Esqueça o terror visto nos trailers a abrace um drama repleto de simbolismos e metáforas; CINEMA do bom :D

Aconteceu novamente. Aquele clássico GOLPE DO MARKETING — que te faz ter esperança na vindoura bomba de Nicolas Cage ou que fez um Colina Escarlate da vida atrair o público absolutamente errado –, fez mais uma vítima em 2017. Mãe!, novo filme do MINDFUCKER profissional de carteirinha Darren Aronofsky, é um puta filme (do verbo CINEMA), mas com certeza não é o terror que seus trailers e demais peças promocionais fazem parecer.

Aliás, não tá nem, exatamente, para um thriller.

Mãe! tá muito mais pra um drama familiar, que funciona como um tipo de fábula, recheada de metáforas e simbolismos. O filme se desenrola de forma vagarosa, bem slow burner e, por vezes, até chata. Mas seu desfecho, MUITO denso AND intenso, é daqueles que ficam contigo por dias, semanas, meses ou até uma vida toda. Se essa é a sua praia, claro. :D

A historia é simples: numa casa de campo aparentemente isolada de qualquer sombra de civilização, Ele (Javier Bardem) vive com sua esposa, Mãe (Jennifer Lawrence). Um famoso escritor, Ele está numa luta contra um bloqueio criativo em busca de seu mais novo poema, enquanto Mãe dedica todo seu tempo à restauração da residência onde vivem, um tipo de avatar para sua relação.

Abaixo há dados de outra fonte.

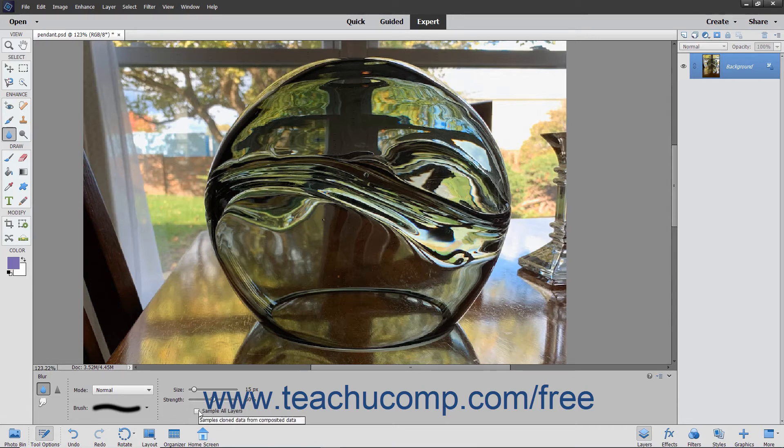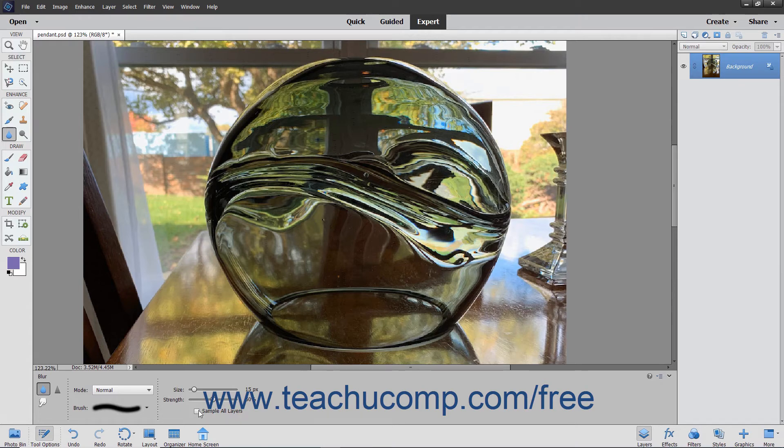You can check the Sample All Layers checkbox to blur or sharpen the pixel data using the combined data from all layers. Otherwise, it will only use data from the currently selected layer.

Um dia, um inesperado visitante (Ed Harris) surge à porta da casa, passando a hospedar-se no local. Não demora para que a mulher do homem (Michele Pfeiffer) também venha morar ali, o que passa a incomodar Mãe. Logo, uma série de eventos passa a claramente ameaçar o refúgio que ela e seu marido dividiam.

Se isso parece vago pra você, ótimo. Enquanto conta essa historia aparentemente simples, Aronofsky aborda questões ecológicas, teológicas, filosóficas, constrói uma forte crítica ao machismo e à misoginia tão presentes na humanidade e ainda oferece um ensaio sobre criatividade. E isso é só o que EU consegui INFERIR do longa.

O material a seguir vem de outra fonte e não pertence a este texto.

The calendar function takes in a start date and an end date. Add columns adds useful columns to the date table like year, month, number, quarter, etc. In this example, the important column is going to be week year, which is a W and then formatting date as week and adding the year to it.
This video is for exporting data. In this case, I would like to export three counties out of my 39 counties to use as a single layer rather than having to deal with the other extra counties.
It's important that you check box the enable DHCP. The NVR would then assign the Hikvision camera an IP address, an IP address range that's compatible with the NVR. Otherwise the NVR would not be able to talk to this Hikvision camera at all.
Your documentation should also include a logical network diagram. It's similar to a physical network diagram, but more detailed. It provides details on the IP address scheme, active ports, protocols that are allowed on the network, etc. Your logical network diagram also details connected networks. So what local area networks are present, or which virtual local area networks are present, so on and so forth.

Aronofsky aborda questões ecológicas, teológicas e filosóficas, além de construir uma forte crítica ao machismo e à misoginia

Mãe! é uma verdadeira obra de arte, daquelas que deixam de ser do autor instantaneamente, assim que veem a luz do sol. Cada espectador terá a sua interpretação – e o barato será, por gerações, poder discutir cada uma delas.

Indiscutível, ENTRETANTO, é a qualidade técnica do filme. Das atuações de Lawrence, Bardem, Pfeiffer e Harris, até às dos inesperados atores que fecham o elenco, não há um problema sequer a ser apontado. A fotografia é linda e, filmado em 16mm, com uma baciada de close ups e efeitos especiais milimetricamente calculados (embora ocasionalmente cartunescos), Mãe! não é fascinante só tematicamente, como também visualmente.

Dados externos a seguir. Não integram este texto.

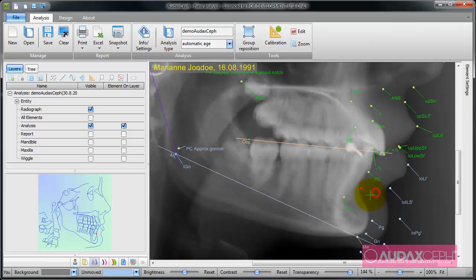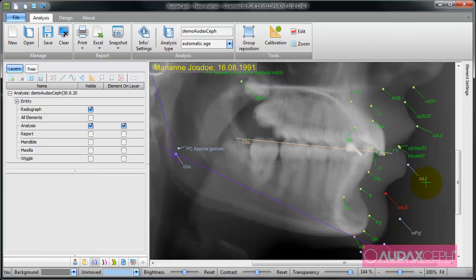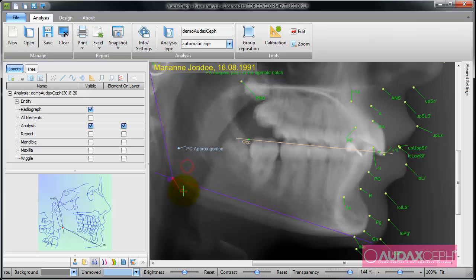The order in which I move points is not important. You can also note that I have a help image, and with this help image I know exactly which point I am moving.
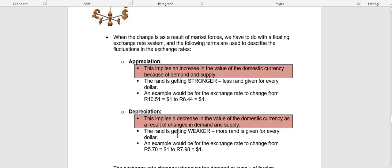Depreciation is the opposite of appreciation. With depreciation, there is a decrease in the value of the currency as a result of market forces — because of changes in demand and supply, the value of your currency decreases. This means the rand is getting weaker, so more rand is given for every single dollar and every dollar we buy is becoming more expensive. For example, if the original exchange rate was 5 rand 70 to the dollar and after changes in demand and supply it is now 7 rand 98 to the dollar, we are giving more rand for every dollar — the rand depreciated. But the dollar appreciated, because for every dollar they gave us we used to give 10 rand but now give 12 rand.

Mãe! é um filme extremamente pessoal, afinal é o projeto que Aronofsky levou a carreira toda para fazer, do jeito que sempre quis fazer. Até por isso, não é difícil encontrar ecos de projetos mais recentes do cara, em especial Cisne Negro e Noé. Logicamente, não é um filme pra todo mundo, mas daqueles que precisam encontrar disposição no público para serem digeridos e curtidos propriamente. Ainda assim, é um trampo foda de um AUTEUR, que explora toda a linguagem do cinema para contar o que quer (e até mais do que isso).